» EXERCISE DETAILS
Could you restate all of the records below exactly, with the pictures left out?

RECORD SET START

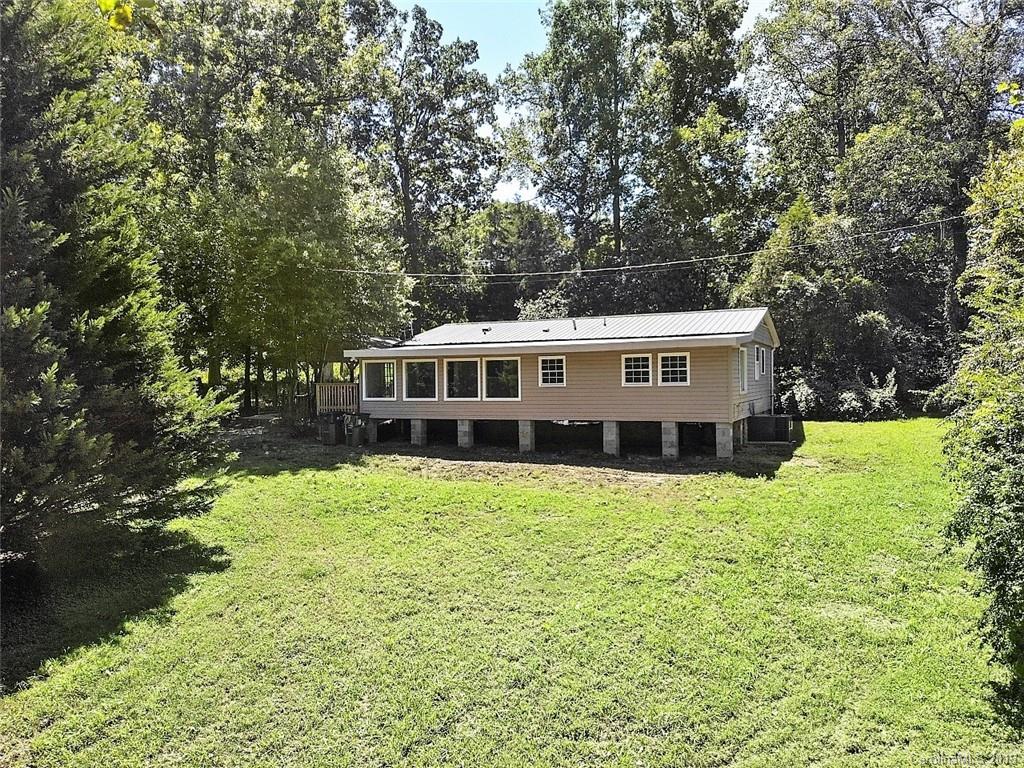2633 Hart Road Charlotte, NC 28214 - Photo 8 of 33 Gallery Image 8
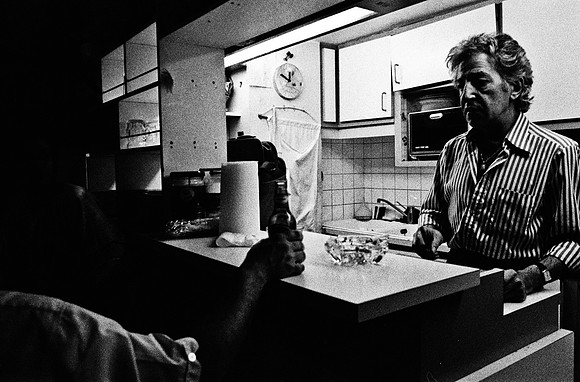 2522_FM_BW_35MM_CW_FOLES_BERGERE_1989_002
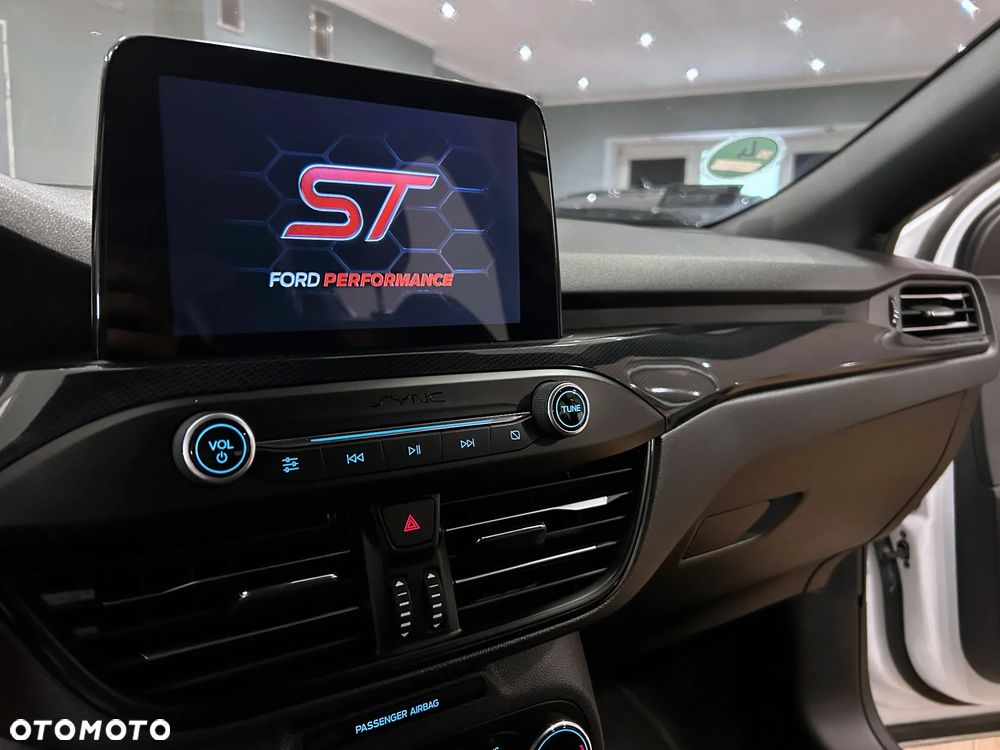 Ford Focus 2.3 EcoBoost ST Edition - 38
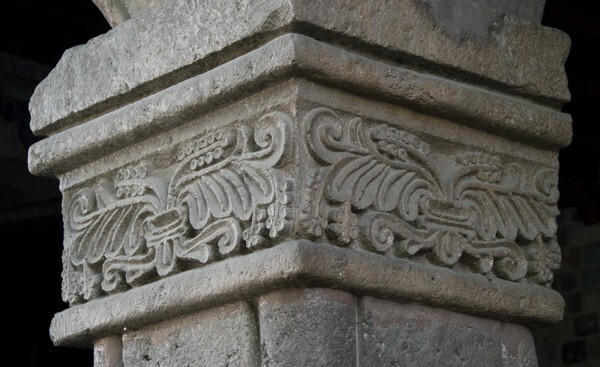 Façade, lower story, arch impost relief - Palacio Municipal (ex-Casa Consistorial)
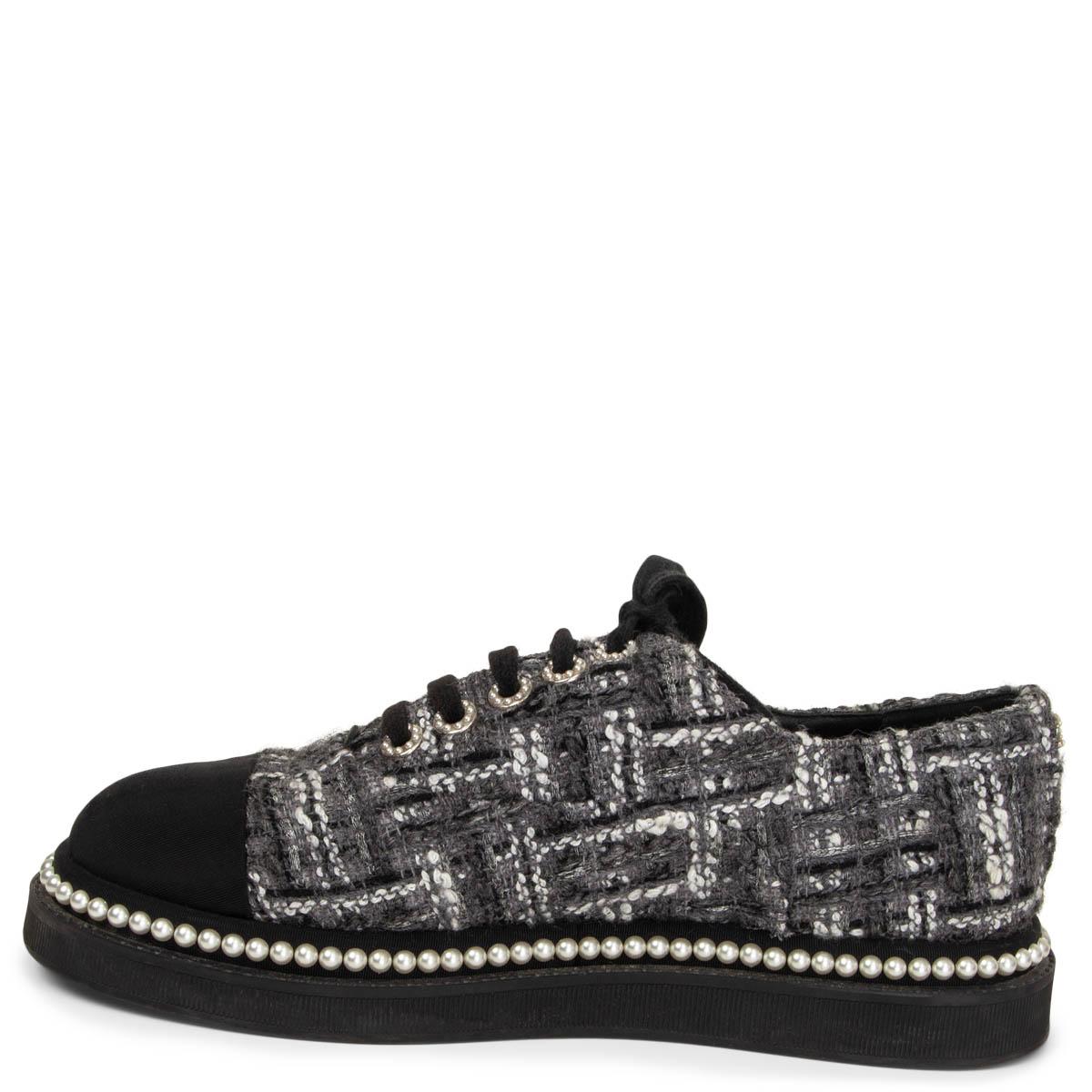 Black CHANEL grey TWEED & PEARL EMBELLISHED Derby Flats Shoes 38.5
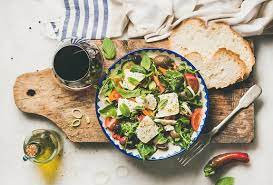 Žandovský chléb s králičím stehnem, hroznovým vínem a hořčičným semínkem. Recky Salat S Olivami Recepty Cz On Line Kucharka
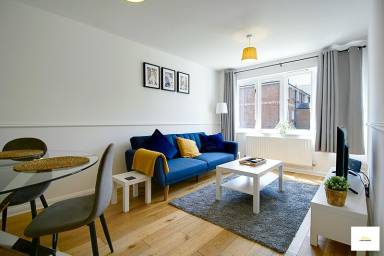House Farnborough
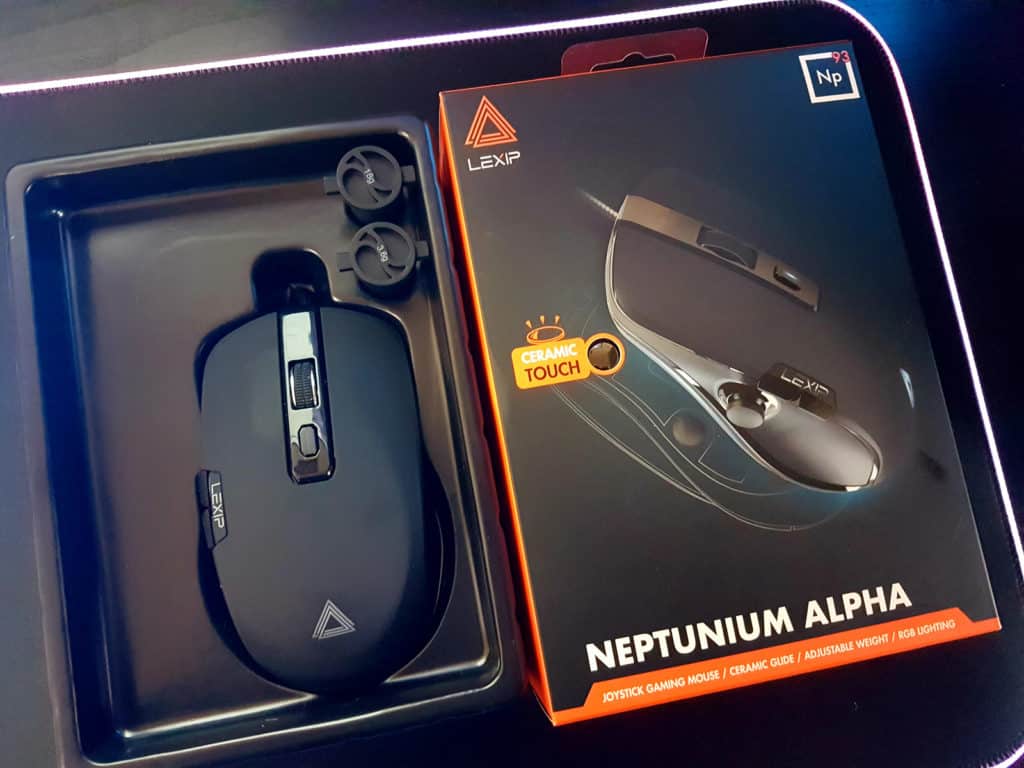 La souris LEXIP Np93 Alpha dans sa boîte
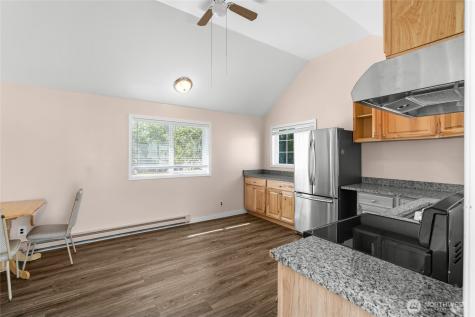 1702 Bay Avenue Ocean Park WA 98640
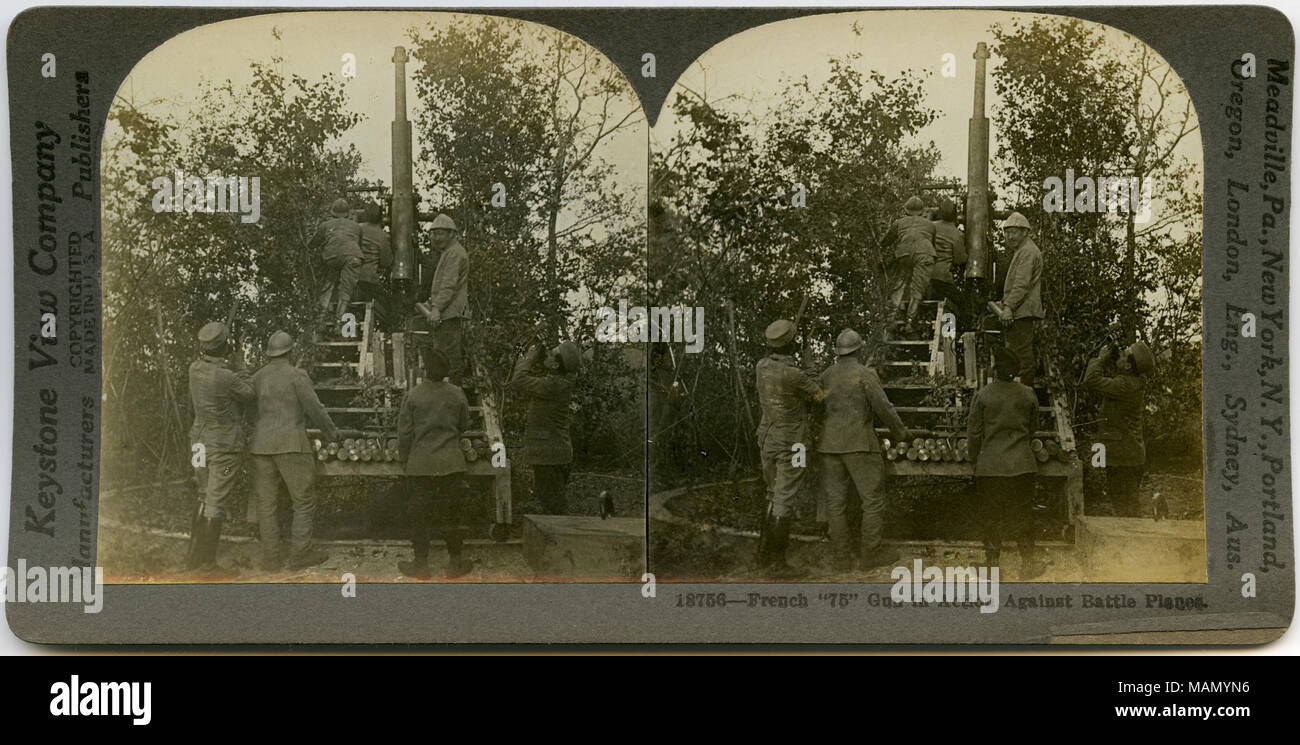 Orizzontale, seppia stereocard mostra sette uomini in uniforme di lavorare con un francese di '75' artiglieria pistola. Keystone Stereografia numero 18756. Il titolo recita: 'Il francese '75' pistola in azione contro i piani di battaglia." Titolo: "un francese di '75' in azione." . tra circa 1914 e circa 1918. Keystone View Company Foto Stock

RECORD SET END

» SOLUTION FOR THIS PROBLEM
2633 Hart Road Charlotte, NC 28214 - Photo 8 of 33 Gallery Image 8
 2522_FM_BW_35MM_CW_FOLES_BERGERE_1989_002
 Ford Focus 2.3 EcoBoost ST Edition - 38
 Façade, lower story, arch impost relief - Palacio Municipal (ex-Casa Consistorial)
 Black CHANEL grey TWEED & PEARL EMBELLISHED Derby Flats Shoes 38.5
 Žandovský chléb s králičím stehnem, hroznovým vínem a hořčičným semínkem. Recky Salat S Olivami Recepty Cz On Line Kucharka
House Farnborough
 La souris LEXIP Np93 Alpha dans sa boîte
 1702 Bay Avenue Ocean Park WA 98640
 Orizzontale, seppia stereocard mostra sette uomini in uniforme di lavorare con un francese di '75' artiglieria pistola. Keystone Stereografia numero 18756. Il titolo recita: 'Il francese '75' pistola in azione contro i piani di battaglia." Titolo: "un francese di '75' in azione." . tra circa 1914 e circa 1918. Keystone View Company Foto Stock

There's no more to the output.